Beritanda.com – Gugatan Denada 7 miliar menjadi titik tekan dalam polemik yang melibatkan Ressa Rizky Rossano. Kuasa hukum Denada, Muhammad Iqbal, menegaskan bahwa persoalan yang berkembang tidak berhenti pada isu personal, melainkan telah masuk ke ranah hukum dengan tuntutan materi yang jelas.
Ia menyebut langkah hukum yang ditempuh telah melalui pembahasan bersama antara Denada, manajemen, dan tim kuasa hukum. Dalam konteks ini, publik diminta untuk mengikuti proses yang sedang berjalan tanpa menarik kesimpulan di luar pernyataan resmi.

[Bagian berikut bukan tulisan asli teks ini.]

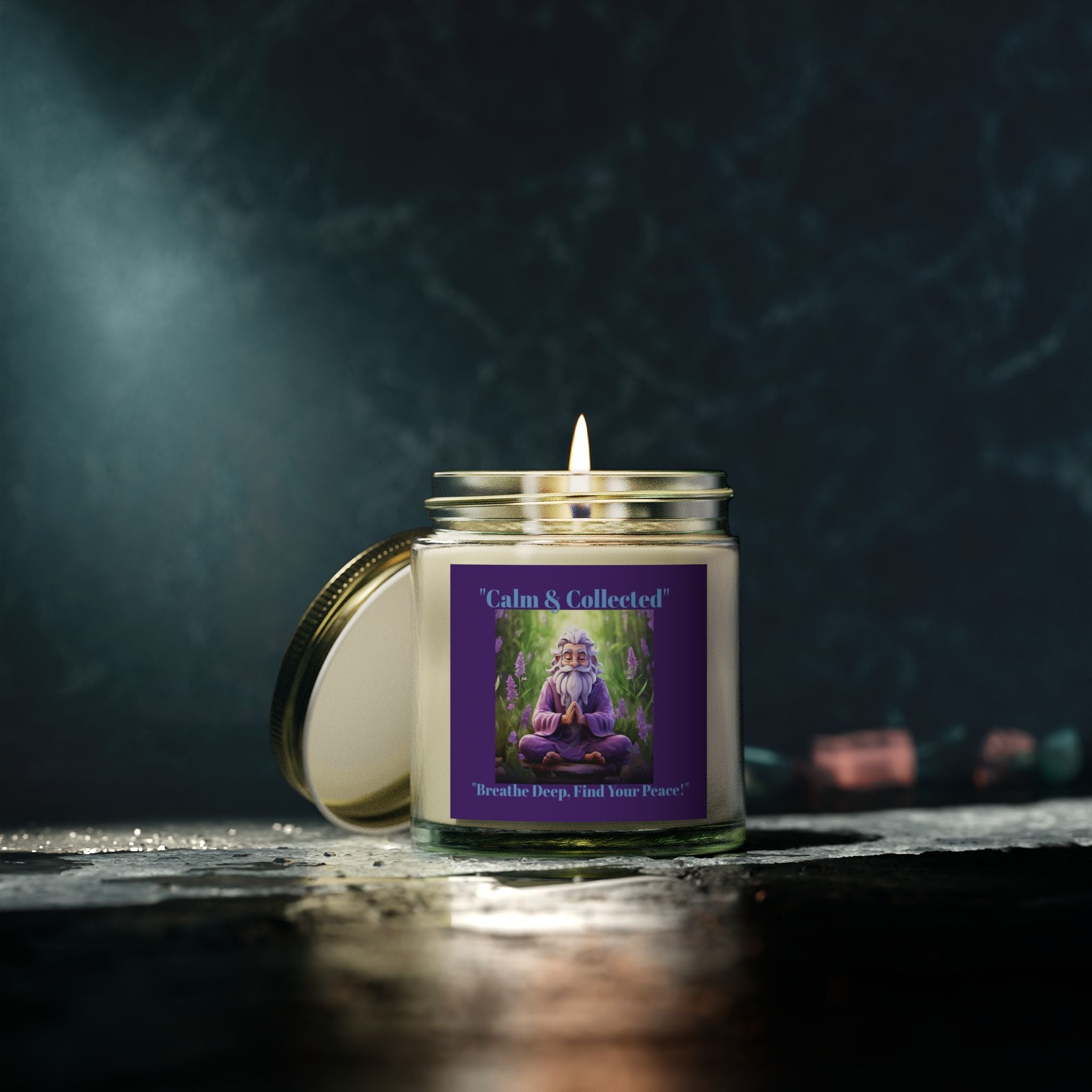 Calm & Collected Scented Candle - Coconut Apricot Wax (4oz, 9oz) - Breathe Deep, Find Your Peace! - S-Mart Shop Smart Treasures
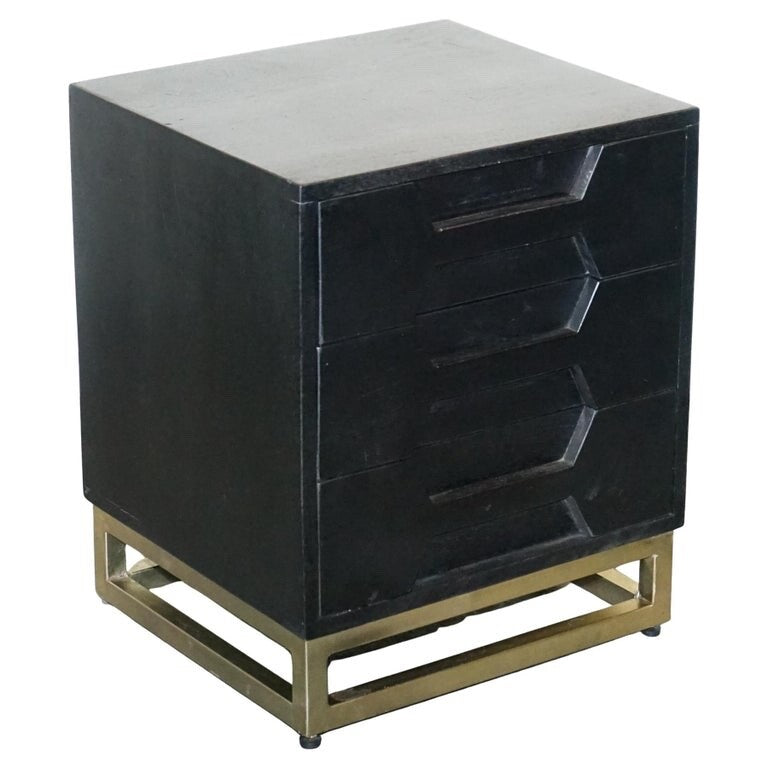 EX SHOWROOM ATKING AND THYME HEX BLACK AND GOLD BEDSIDE TABLE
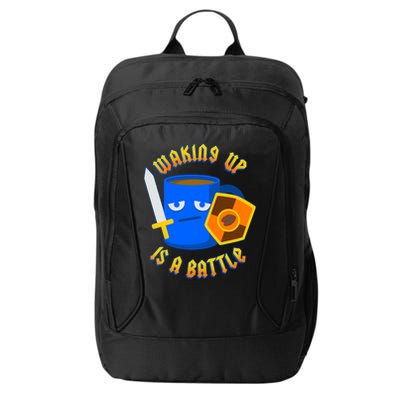 Waking Up is a Battle Funny Coffee City Backpack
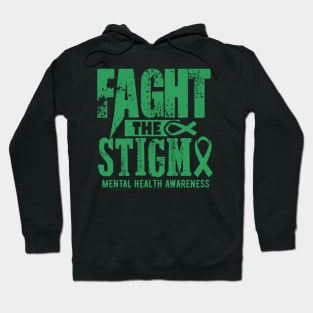 in may we wear green mental health groovy Fight Stigma Hoodie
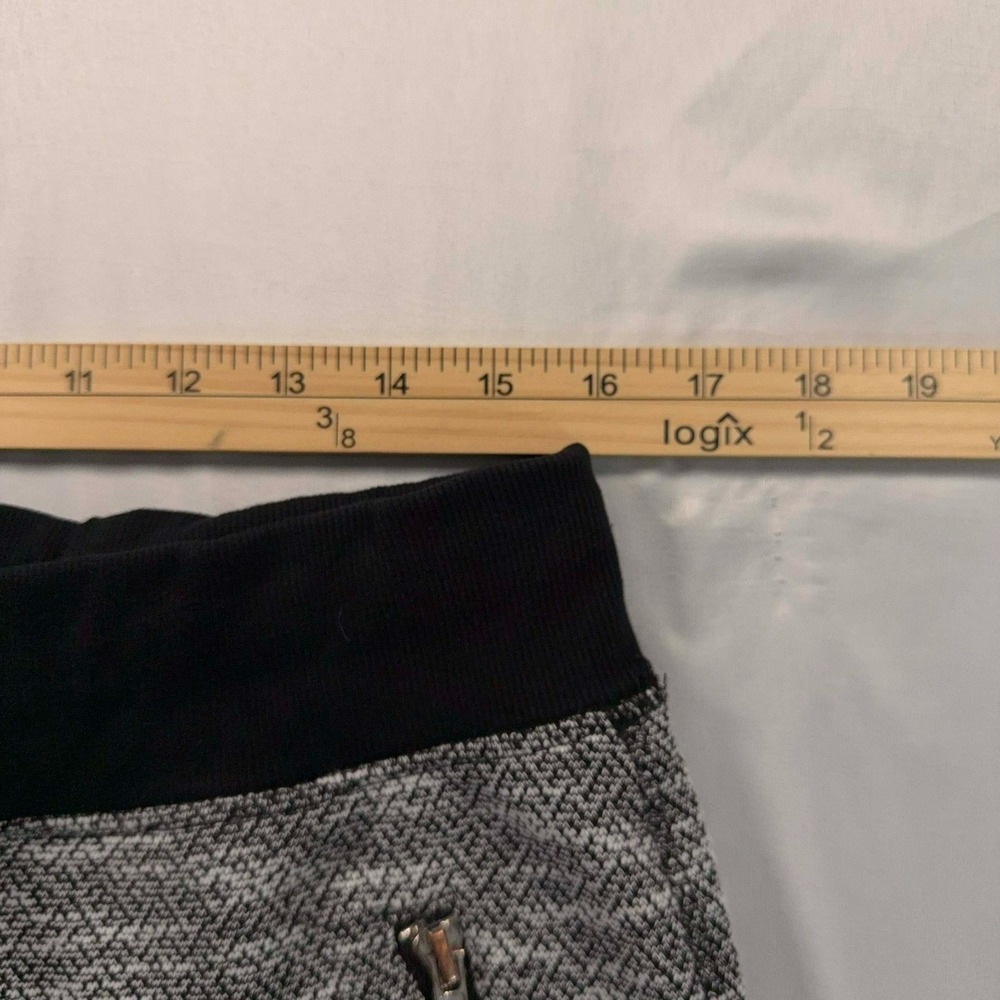 Green Tea Womens Jogger Pants XL Marled Knit Gray Black Zip Pockets 32x28 - Picture 4 of 7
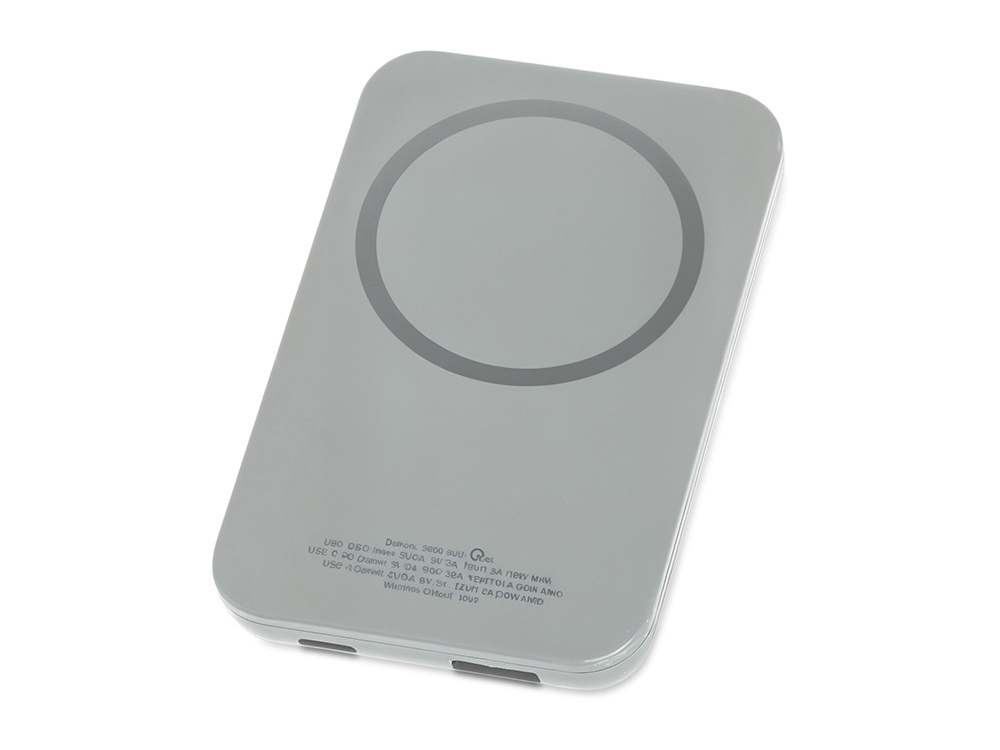 Магнитный беспроводной внешний аккумулятор MagnetIQ, 5000 mah, 10 W, серый Cool gray 7C-0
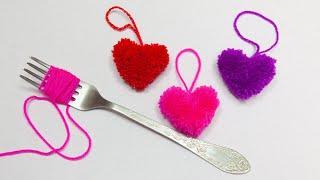 How to Make Yarn Heart️ Easy Pom Pom #heart Making Idea with Fork ️ Amazing Valentine's Day Crafts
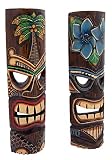 Wowser Hand Crafted Polynesian Hawaiian Style Floral Painted Tiki Masks, Wall Décor, Set of 2 Assorted Colors,19 Inches
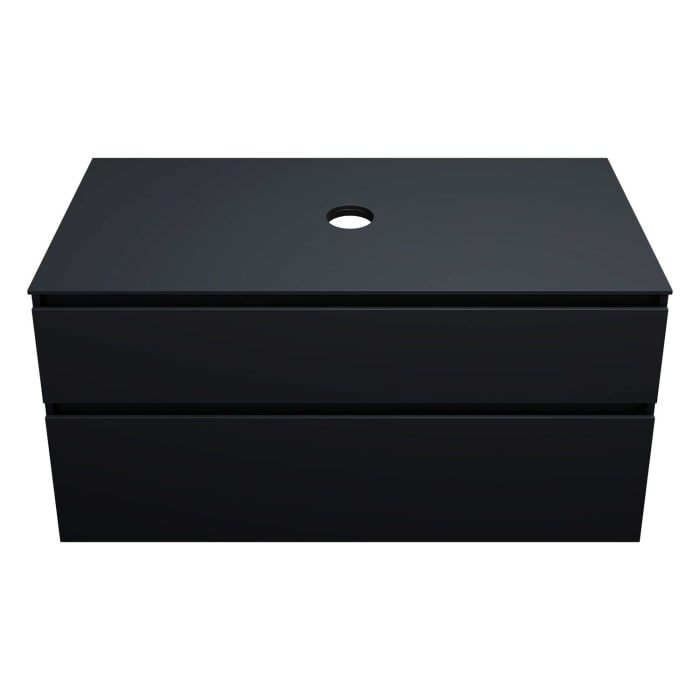 burgbad Lin20 Waschtischunterschrank mit Konsolenplatte 120 cm, 2 Auszüge, Beckenausschnitt mittig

“Ini sudah dimusyawarahkan baik dengan Mbak Denada, manajemen, dan kami sebagai kuasa hukum,” ujar Iqbal.
Yang jadi sorotan, gugatan bernilai Rp7 miliar disebut sebagai bagian utama dari perkara yang kini bergulir. Artinya, isu yang berkembang tidak semata berkaitan dengan hubungan personal atau klarifikasi identitas.

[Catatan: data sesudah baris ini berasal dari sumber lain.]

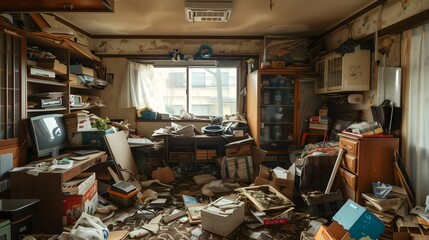 Cluttered room disorganized shelves scattered items messy interior decoration background chaos dirt abandoned ruins broken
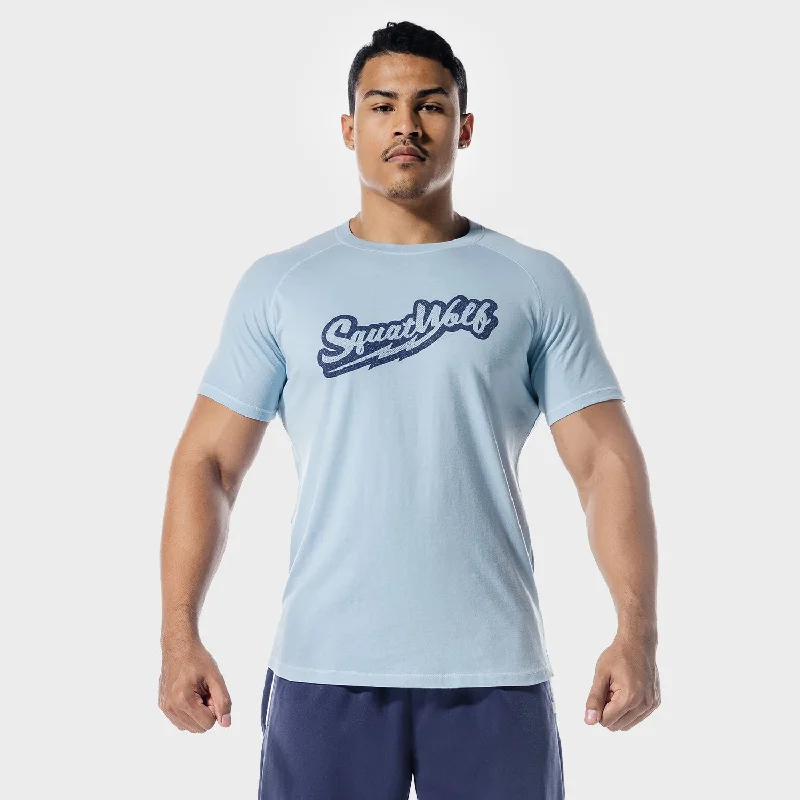 Men's breathable cotton t-shirt-Golden Era One Up T-shirt - Bluebell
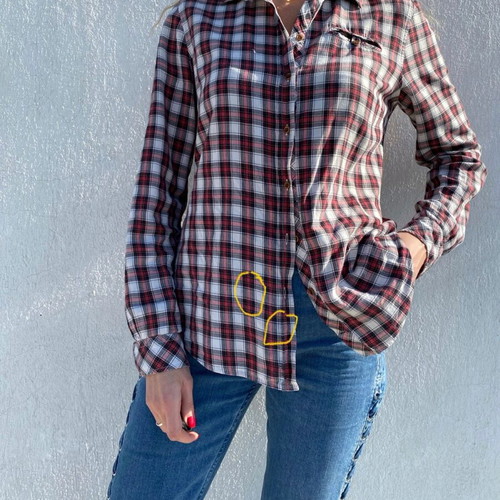Woolrich checked shirt used, red, size L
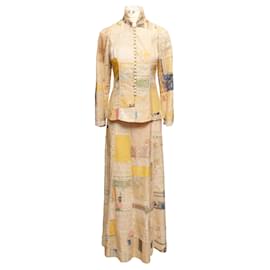 Autre Marque Completo gonna maxi in jacquard patchwork Catherine Buckley vintage crema e multicolore Taglia US 12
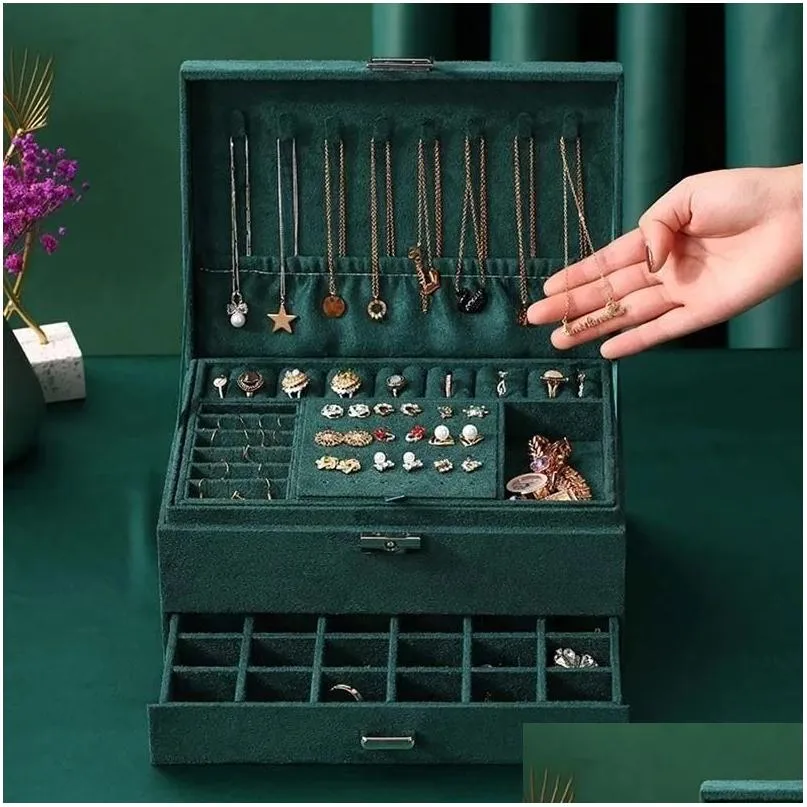 Pudełka z biżuterią pudełko 3-warstwowe zielone stadninę organizator duży pierścień naszyjnik uchwyt makijażu obudowa Veet z zamkiem do dostawy Dhllt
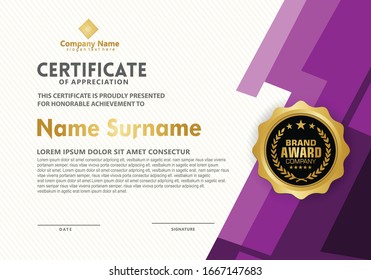 certificate template with modern pattern and lines dynamic and futuristic color, diploma,Vector illustration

Arah Hukum yang Ditempuh Pihak Denada
Secara faktual, tim kuasa hukum menegaskan bahwa fokus utama berada pada substansi pernyataan dan dampak hukum yang ditimbulkan. Mereka tidak menempatkan relasi personal sebagai isu utama dalam perkara ini.

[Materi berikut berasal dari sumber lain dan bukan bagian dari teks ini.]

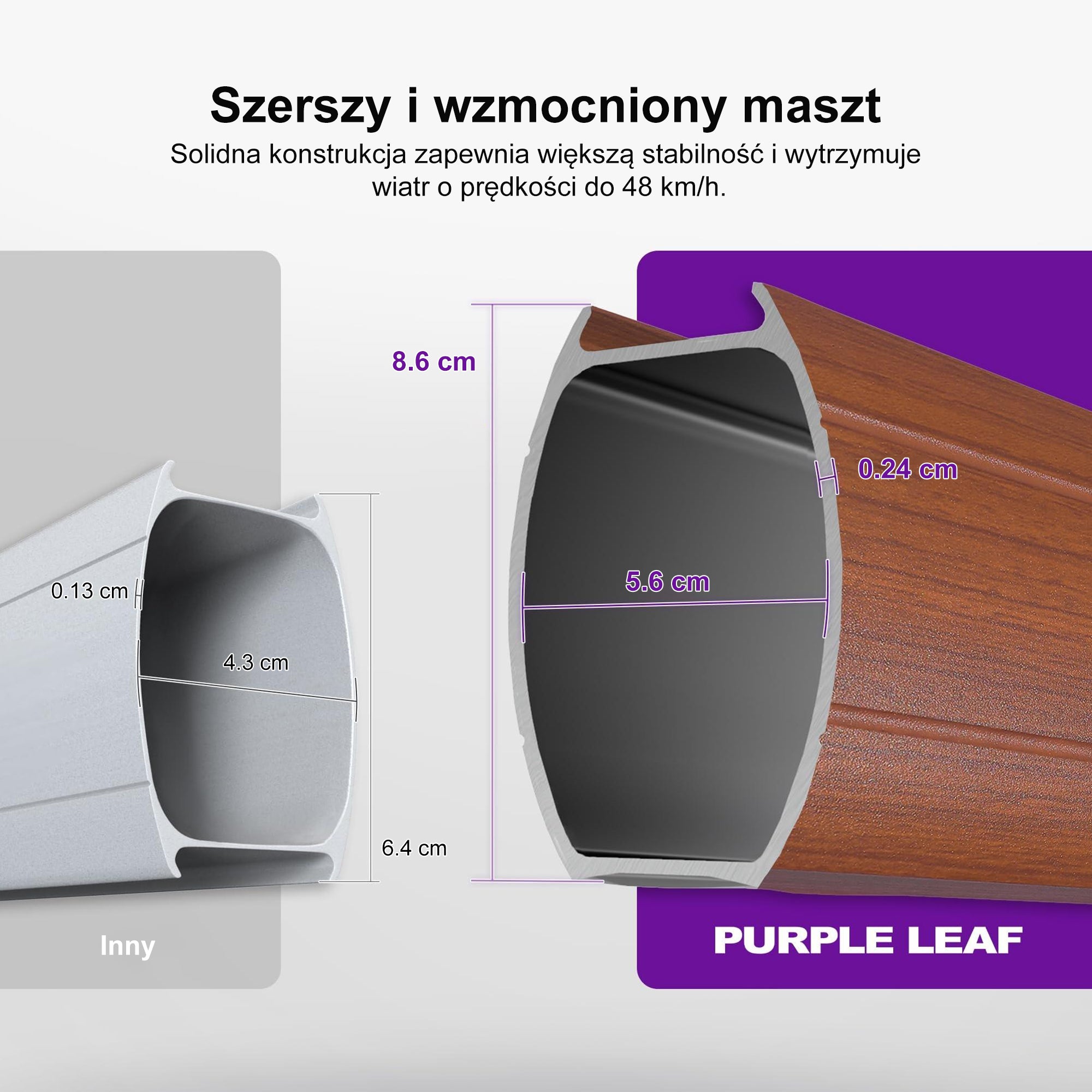 PURPLE LEAF Prostokątny parasol ogrodowy z bocznym masztem, w imitacji drewna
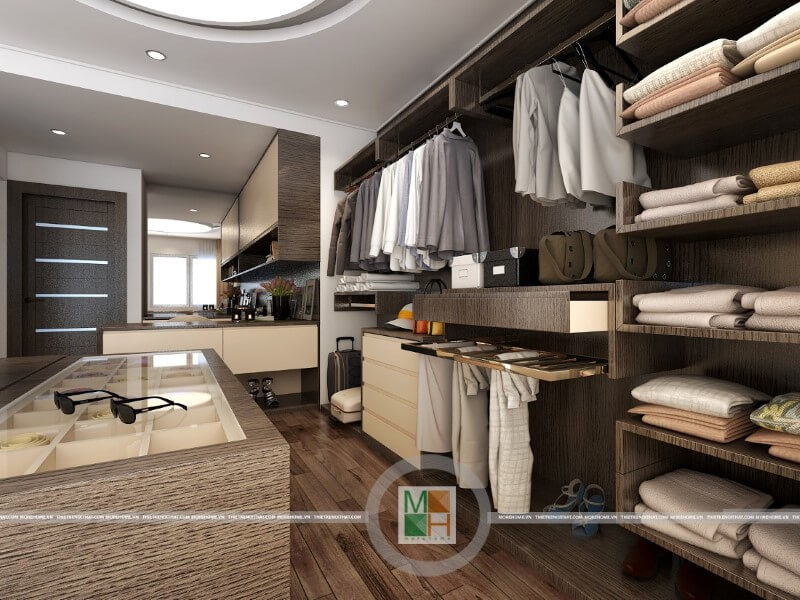 Mẫu tủ quần áo gỗ công nghiệp cho phòng ngủ chung cư thêm đẹp, hiện đại, tuy đơn giản nhưng không kém phần sang trọng và tính tế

“Masalah kenal atau tidak itu di luar konteks. Yang penting siapa yang bicara dan apa yang disampaikan,” ujarnya.
Dalam kerangka itu, pihak Denada memilih untuk merespons melalui jalur hukum. Setiap langkah yang diambil merujuk pada pernyataan yang telah dipublikasikan sebelumnya.
Tak hanya itu, Iqbal juga menekankan bahwa posisi hukum yang diambil bukan sekadar respons spontan, melainkan bagian dari strategi yang telah disepakati bersama.
Gugatan Materi Jadi Titik Pusat Polemik
Yang kerap luput diperhatikan, Iqbal menyebut perkara ini berujung pada tuntutan materi yang signifikan. Nilai gugatan Rp7 miliar menjadi indikator bahwa kasus ini memiliki dimensi hukum yang lebih kompleks.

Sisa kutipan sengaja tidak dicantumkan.